Structural analogues of glutamate, which are neurotoxic (see NEUROTOXINS) when injected into the CENTRAL NERVOUS SYSTEM in appropriate concentrations. They include AMPA, DOMOIC ACID, IBOTENIC ACID, KAINIC ACID, N-methyl-D-aspartate (NMDA), QUINOLINIC ACID and QUISQUALIC ACID—all of which are naturally acidic, but must be titrated to a pH of approximately 7, by adding concentrated sodium hydroxide, an alkali, before they are suitable for injection into the central nervous system. Excitotoxins bind to GLUTAMATE RECEPTORS on neuronal dendrites and excite the neurons to death. Typical histological evidence (see HISTOLOGY) of excitotoxic action includes intense REACTIVE GLIOSIS and neuronal loss in the region of the injection, as seen in sections stained with cresyl violet, and in some cases large calcium deposits around the edges of the lesion, identified with the stain Alizarin red. When excitotoxins were first discovered, they were unique lesionmaking tools, because of their ability to make FIBRE-SPARING LESIONS. Other, cruder, lesionmaking methodologies included ASPIRATIONLESIONS, ELECTROLYTIC LESIONS, KNIFE CUT LESIONS and RADIOFREQUENCY LESIONS.

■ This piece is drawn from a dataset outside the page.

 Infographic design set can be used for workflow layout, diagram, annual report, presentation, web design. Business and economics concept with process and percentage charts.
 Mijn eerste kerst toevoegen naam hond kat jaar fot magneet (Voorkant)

Kainic acid, AMPA and NMDA have their greatest effects at these particular IONOTROPIC receptors; quinolinic acid has part of its action through NMDA receptors; ibotenic acid activates both NMDA and METABOTROPIC receptors. The exact mechanisms which lead to neuronal death differ according to which receptor is involved. Action of excitotoxins at NMDA receptors leads to massive influx of calcium ions and over-excitation of the neuron; activation at AMPA/kainate receptors involves influx sodium ions; metabotropic receptors initiate second messenger systems such as the INOSITOL phosphate pathway. In all instances, the neurotoxic process itself is relatively fast, and is complete in less than 24 hours. During this period, the animal usually shows signs of SEIZURE activity. In some instances, typically following kainate infusions, evidence has been found of lesions at sites distant from the infusion. The HIPPOCAMPUS is most susceptible to such damage, leading to the hypothesis that it occurs as a result of ANOXIA during seizure activity. Pretreatment with a BENZODIAZEPINE such as DIAZEPAM is an effective means of dampening seizures and reducing the risk of remote damage, without decreasing the excitotoxic action at the site of interest.

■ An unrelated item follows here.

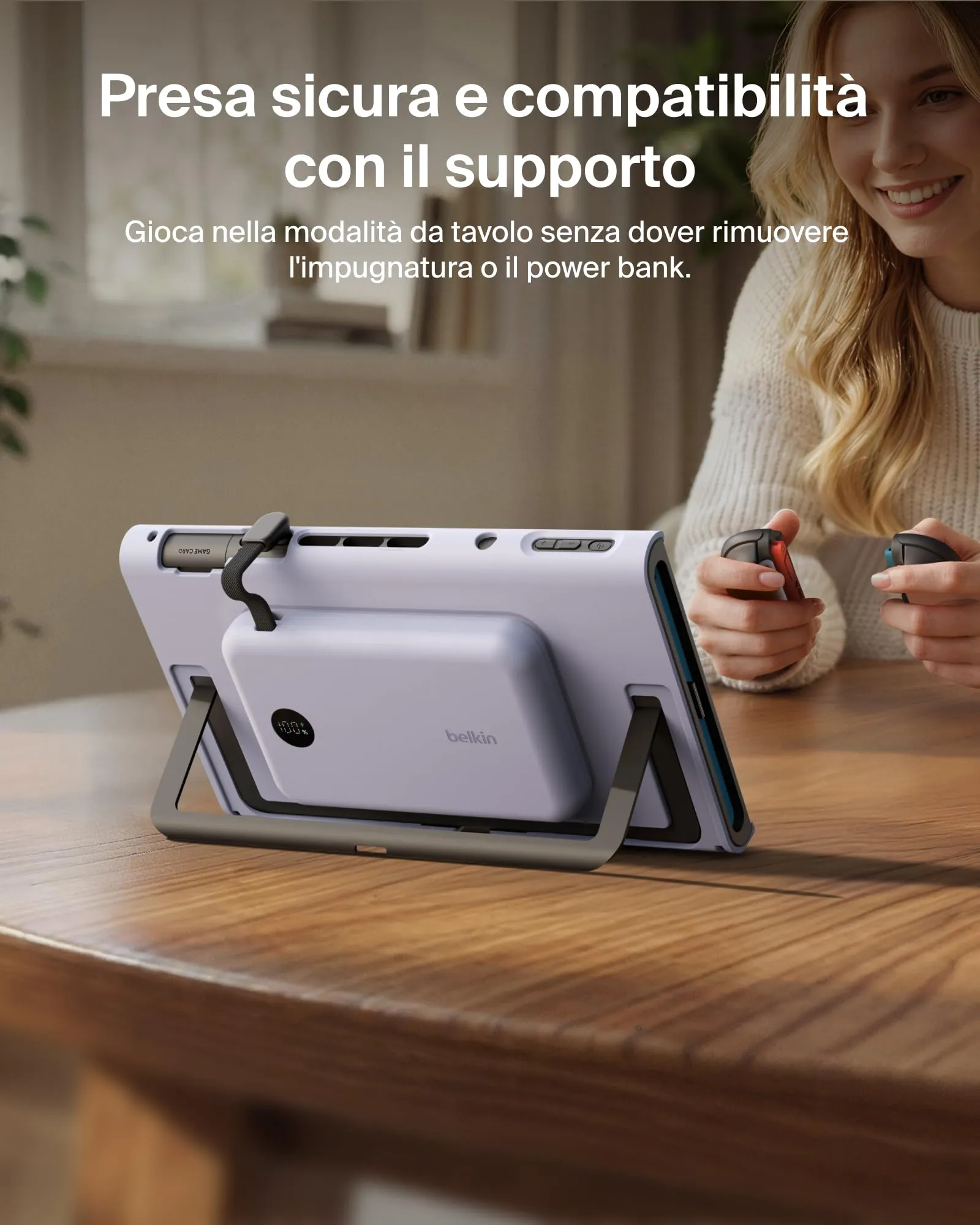 Belkin Gaming Grip e Power Bank 10K per Nintendo Switch 2, Viola - immagine 9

Although excitotoxins can make fibre-sparing lesions in the central nervous system, careful histological analyses at different stages post-lesion have shown that the inflammatory response (reactive gliosis) which is part of the excitotoxic process actually leads to breakdown of the BLOOD-BRAIN BARRIER in the injected region. This can result in loss of MYELIN sheaths in lesioned areas which contain diffuse fibre systems. Although initiation of remyelination can be seen after 2–3 weeks, this side-effect has clear implications for studies which involve behavioural testing following an excitotoxic lesion. The size of an excitotoxic lesion is governed by many factors, such as the volume of the infusion, the concentration of the excitotoxic agent and TISSUE TORTUOSITY/receptor profile in the targeted region. Factors specific to a particular excitotoxin may also come into play. For instance, ibotenic acid undergoes enzyme-catalysed decarboxylation to MUSCIMOLin vivo, which may act at GABA RECEPTORS to dampen the sensitivity of local neurons to further excitation. This is likely to be the reason why, at well-titrated doses, ibotenate can be used to make small, well-defined lesions. In some instances, ANAESTHETICS such as SODIUM PENTOBARBITONE or CHLORAL HYDRATE, Can modify the neurotoxicity of excitotoxins. This is also thought to be related to their action at GABA-A receptors.
An excitotoxin is most effective when neurons of interest in a given region are more susceptible to its toxic effects than others, thereby inducing a relatively selective lesion. Generally, the pattern of damage caused by different excitotoxins is related to the types of glutamate receptors found in the target area, and perhaps even the specific RECEPTOR SUBUNITS which form these receptors. A good example of this is the use of AMPA in the rat BASAL FOREBRAIN, where it can be used to target CHOLINERGIC neurons, if the concentration and volume are titrated correctly. Histochemical and lesion data suggest that this is linked to the high expression of the GluR4 receptor subunit in AMPA receptors in this area. Unfortunately, excitotoxins are never generally more than partially selective neurotoxic agents, and any selectivity which is obtained is critically dependent on the concentration of the infusion. The more recent immunotoxin approach, which uses ribosomeinactivating proteins such as SAPORIN, conjugated to specific receptor antibodies, is a more selective means of making brain lesions.